▶ [INSTRUCTIONS FOR THE TASK] Print the lines from the one containing "Colorful Modern Art" through the end of the material below, both included, exactly as they appear and without pictures.

▶ [PROVIDED MATERIAL]
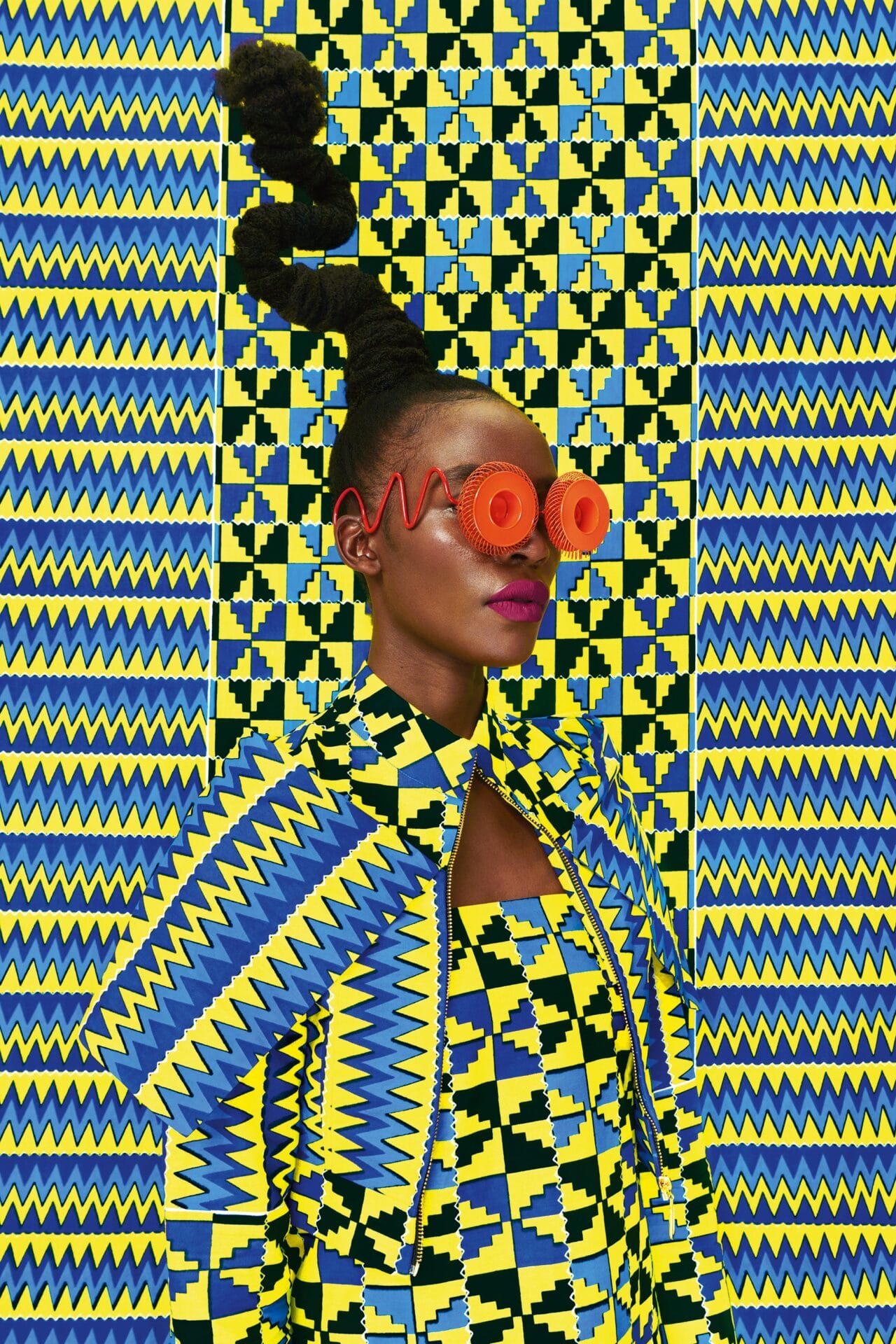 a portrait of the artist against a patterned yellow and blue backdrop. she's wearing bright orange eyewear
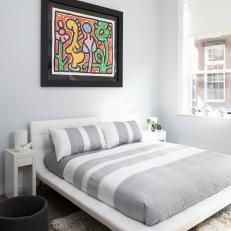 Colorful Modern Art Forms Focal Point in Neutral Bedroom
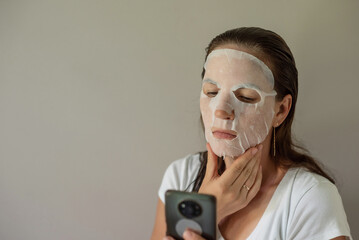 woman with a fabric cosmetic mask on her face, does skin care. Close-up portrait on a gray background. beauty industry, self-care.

▶ [FINISHED TASK]
 Colorful Modern Art Forms Focal Point in Neutral Bedroom
 woman with a fabric cosmetic mask on her face, does skin care. Close-up portrait on a gray background. beauty industry, self-care.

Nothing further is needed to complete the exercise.